Teresa, inocente y culpable

ARTURO CHECA

Viernes, 24 de septiembre 2010, 05:15

Teresa Lewis, de 41 años, habrá dejado de respirar cuando usted lea estas líneas. El 'teléfono rojo' directamente conectado entre la residencia de estilo colonial del gobernador de Virginia y el corredor de la muerte del correccional de Greensville no sonó, y el tiopental sódico, el bromuro y el cloruro de potasio corrieron fulminantes por las venas de Teresa. Amarrada a una camilla, tras siete años en una celda sin ventanas ni contacto con otros presos. Arrepentida. Ejecutada por inyección letal. A las autoridades de Virginia (el estado americano donde más se aplica el castigo capital tras Texas) no les tembló el pulso y Teresa Lewis se convirtió ayer en otra víctima de la pena de muerte en Estados Unidos. La primera ejecutada en el país en los últimos cinco años. Hace casi un siglo que en Virginia no se ajusticiaba a una presa. Desde que en 1912 la criada afroamericana Virginia Christian fuera castigada con la silla eléctrica por matar a golpes a su 'ama', harta de una vida de malos tratos y vejaciones, ninguna mujer había vuelto al cadalso.

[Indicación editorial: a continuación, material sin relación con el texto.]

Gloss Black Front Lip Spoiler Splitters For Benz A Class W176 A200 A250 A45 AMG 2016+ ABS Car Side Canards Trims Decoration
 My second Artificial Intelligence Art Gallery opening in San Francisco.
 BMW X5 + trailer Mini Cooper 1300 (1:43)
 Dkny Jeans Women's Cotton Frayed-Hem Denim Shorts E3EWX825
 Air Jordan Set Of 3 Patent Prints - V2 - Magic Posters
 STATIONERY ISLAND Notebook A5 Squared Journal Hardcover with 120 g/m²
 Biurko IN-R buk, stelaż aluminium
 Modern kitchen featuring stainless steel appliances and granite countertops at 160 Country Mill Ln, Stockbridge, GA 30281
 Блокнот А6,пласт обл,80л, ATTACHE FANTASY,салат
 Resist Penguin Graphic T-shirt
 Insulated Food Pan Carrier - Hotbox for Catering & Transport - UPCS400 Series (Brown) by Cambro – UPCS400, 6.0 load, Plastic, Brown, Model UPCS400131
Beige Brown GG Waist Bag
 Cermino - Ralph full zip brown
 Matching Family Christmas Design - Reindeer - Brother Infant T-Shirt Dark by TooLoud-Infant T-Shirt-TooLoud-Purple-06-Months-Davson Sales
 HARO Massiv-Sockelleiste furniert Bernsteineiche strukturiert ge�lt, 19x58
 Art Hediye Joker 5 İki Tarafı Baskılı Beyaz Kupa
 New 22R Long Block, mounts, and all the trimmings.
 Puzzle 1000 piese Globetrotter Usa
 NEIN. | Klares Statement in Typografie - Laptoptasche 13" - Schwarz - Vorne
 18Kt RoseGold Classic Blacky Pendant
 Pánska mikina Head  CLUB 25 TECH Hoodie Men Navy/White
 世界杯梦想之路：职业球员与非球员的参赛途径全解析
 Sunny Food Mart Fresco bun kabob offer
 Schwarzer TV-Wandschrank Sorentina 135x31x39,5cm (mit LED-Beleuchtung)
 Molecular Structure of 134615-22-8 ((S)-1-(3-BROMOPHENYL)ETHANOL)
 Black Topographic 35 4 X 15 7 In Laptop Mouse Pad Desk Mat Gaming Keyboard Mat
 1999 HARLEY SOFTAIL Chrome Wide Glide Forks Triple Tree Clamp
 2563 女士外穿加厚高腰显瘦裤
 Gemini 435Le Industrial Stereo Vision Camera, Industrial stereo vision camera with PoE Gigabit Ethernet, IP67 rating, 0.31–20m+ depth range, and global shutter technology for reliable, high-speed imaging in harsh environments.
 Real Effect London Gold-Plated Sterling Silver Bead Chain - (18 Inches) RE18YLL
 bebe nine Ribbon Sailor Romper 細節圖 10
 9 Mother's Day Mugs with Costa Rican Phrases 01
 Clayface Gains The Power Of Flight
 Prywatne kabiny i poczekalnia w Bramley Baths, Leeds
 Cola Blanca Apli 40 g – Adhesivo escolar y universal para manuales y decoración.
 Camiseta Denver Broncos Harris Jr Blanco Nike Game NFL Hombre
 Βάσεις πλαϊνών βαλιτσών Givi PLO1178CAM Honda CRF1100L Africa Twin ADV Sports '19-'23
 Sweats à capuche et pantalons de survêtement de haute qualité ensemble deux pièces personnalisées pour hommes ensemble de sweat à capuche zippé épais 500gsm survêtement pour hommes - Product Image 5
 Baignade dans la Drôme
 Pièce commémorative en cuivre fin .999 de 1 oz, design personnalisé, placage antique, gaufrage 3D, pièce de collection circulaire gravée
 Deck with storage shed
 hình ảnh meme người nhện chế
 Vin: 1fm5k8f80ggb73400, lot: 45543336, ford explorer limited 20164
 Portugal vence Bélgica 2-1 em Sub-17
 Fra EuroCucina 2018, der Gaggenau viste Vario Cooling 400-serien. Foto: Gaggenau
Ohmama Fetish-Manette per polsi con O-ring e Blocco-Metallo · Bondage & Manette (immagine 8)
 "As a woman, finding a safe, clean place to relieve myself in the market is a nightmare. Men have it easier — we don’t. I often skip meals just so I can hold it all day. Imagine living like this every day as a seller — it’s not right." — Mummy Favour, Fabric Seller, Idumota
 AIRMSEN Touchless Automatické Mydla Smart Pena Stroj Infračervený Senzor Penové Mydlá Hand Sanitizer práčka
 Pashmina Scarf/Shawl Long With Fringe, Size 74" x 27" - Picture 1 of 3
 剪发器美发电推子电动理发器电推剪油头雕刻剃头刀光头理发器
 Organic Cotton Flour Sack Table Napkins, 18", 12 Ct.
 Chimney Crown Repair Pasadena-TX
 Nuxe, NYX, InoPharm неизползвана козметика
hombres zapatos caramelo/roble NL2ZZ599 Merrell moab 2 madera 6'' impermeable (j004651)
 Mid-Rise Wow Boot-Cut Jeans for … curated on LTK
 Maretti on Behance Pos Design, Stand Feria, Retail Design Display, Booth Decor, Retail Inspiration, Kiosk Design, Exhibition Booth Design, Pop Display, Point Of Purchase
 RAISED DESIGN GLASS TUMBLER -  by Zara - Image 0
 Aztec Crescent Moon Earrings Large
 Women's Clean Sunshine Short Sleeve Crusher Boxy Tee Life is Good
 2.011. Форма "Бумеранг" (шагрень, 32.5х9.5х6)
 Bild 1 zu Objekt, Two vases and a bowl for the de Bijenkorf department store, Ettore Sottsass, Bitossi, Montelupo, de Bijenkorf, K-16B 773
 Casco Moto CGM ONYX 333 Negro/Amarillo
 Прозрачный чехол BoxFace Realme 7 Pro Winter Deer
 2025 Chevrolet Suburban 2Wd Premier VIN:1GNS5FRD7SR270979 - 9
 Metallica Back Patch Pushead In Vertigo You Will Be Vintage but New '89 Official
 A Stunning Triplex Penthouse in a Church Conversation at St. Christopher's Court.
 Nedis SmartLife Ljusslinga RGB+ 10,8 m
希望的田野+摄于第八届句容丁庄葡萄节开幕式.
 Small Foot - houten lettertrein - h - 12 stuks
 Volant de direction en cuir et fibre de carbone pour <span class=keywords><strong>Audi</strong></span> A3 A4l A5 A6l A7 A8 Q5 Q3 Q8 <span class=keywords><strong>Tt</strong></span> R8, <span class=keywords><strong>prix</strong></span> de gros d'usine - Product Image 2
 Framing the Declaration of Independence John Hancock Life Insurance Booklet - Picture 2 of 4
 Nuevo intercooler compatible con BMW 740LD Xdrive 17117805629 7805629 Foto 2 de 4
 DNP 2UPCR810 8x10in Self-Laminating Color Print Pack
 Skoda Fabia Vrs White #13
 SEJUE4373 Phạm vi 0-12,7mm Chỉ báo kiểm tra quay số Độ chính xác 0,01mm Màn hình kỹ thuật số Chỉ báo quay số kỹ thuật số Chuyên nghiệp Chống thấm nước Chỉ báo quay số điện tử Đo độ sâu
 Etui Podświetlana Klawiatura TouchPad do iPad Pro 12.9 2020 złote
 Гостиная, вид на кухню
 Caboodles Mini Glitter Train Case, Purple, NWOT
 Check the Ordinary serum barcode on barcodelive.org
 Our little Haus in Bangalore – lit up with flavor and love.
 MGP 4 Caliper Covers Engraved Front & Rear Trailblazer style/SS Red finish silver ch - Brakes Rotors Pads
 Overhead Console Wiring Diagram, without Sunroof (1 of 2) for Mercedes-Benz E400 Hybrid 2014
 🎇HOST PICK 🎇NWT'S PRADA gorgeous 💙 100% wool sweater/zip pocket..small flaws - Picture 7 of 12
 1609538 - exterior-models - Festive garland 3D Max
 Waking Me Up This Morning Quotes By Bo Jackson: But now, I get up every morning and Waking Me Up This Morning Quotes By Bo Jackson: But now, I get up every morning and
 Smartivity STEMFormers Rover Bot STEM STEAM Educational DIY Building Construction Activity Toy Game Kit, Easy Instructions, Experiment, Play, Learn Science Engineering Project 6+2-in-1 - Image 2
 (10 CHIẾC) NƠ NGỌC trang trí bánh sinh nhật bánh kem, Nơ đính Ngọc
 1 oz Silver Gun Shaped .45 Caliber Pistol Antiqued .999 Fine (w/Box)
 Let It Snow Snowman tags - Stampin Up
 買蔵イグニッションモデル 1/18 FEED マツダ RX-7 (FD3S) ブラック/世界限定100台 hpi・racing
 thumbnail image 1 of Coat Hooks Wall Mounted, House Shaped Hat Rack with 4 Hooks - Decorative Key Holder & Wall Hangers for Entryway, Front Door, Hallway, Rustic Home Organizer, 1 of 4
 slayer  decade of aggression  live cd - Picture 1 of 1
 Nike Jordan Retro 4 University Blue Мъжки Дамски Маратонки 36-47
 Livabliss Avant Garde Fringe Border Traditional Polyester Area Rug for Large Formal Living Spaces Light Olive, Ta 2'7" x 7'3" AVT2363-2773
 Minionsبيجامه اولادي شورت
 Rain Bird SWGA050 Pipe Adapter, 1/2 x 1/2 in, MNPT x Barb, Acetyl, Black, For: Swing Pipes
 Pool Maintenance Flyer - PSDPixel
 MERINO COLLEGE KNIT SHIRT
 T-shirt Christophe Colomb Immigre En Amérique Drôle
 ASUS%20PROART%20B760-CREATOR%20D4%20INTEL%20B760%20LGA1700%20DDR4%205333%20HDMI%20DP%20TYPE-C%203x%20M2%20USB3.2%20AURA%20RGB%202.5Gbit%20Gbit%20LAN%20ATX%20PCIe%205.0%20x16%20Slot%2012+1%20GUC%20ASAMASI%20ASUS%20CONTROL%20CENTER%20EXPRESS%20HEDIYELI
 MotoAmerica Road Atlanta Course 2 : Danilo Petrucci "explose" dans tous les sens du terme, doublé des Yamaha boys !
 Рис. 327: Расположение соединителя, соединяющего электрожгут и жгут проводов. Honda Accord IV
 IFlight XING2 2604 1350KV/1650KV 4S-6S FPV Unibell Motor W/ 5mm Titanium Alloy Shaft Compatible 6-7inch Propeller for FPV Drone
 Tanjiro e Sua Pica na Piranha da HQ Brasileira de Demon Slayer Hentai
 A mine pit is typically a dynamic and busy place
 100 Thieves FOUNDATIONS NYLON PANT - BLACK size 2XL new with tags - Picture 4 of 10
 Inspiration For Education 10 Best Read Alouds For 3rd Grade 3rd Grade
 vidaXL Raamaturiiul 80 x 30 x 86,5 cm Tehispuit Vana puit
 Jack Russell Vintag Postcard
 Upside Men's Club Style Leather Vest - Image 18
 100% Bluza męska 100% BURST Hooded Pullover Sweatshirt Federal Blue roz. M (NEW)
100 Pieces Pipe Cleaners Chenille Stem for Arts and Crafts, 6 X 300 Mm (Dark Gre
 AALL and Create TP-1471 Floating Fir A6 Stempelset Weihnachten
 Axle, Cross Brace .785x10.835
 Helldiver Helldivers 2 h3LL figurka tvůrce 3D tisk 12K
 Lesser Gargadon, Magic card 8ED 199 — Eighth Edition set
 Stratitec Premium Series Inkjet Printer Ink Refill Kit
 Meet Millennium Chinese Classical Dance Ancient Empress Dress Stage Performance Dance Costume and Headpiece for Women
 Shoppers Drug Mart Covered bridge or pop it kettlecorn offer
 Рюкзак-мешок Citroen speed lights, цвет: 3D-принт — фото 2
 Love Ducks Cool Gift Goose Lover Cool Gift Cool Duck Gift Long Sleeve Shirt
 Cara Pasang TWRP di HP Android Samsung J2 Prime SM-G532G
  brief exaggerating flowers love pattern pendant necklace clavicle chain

El crimen de Teresa fue encargar el asesinato de su marido y su hijastro en Danville. Julian Lewis, empleado de la empresa textil Dan River Inc., y su hijo Charles, un joven reservista que estaba a punto de ser destinado a Irak, murieron acribillados a disparos en el tráiler en el que vivía la familia en la noche del 30 de octubre de 2002. Una sangrienta víspera de Halloween orquestada por Teresa.

Ella nunca lo ha negado. Confesó y reconoció que lo hizo para cobrar los 350.000 dólares del seguro de vida de los fallecidos. No apretó el gatillo, aunque el juez del caso calificó de «cabeza de serpiente» a la cerebro del crimen. Abrió la puerta trasera del tráiler para que entraran los dos pistoleros. Tras el tiroteo, esperó 45 minutos antes de alertar a la policía. Y apenas tardó unos días en reclamar el montante de la poliza de vida. Ella nunca lo ha negado.

«Haría lo que yo le dijera»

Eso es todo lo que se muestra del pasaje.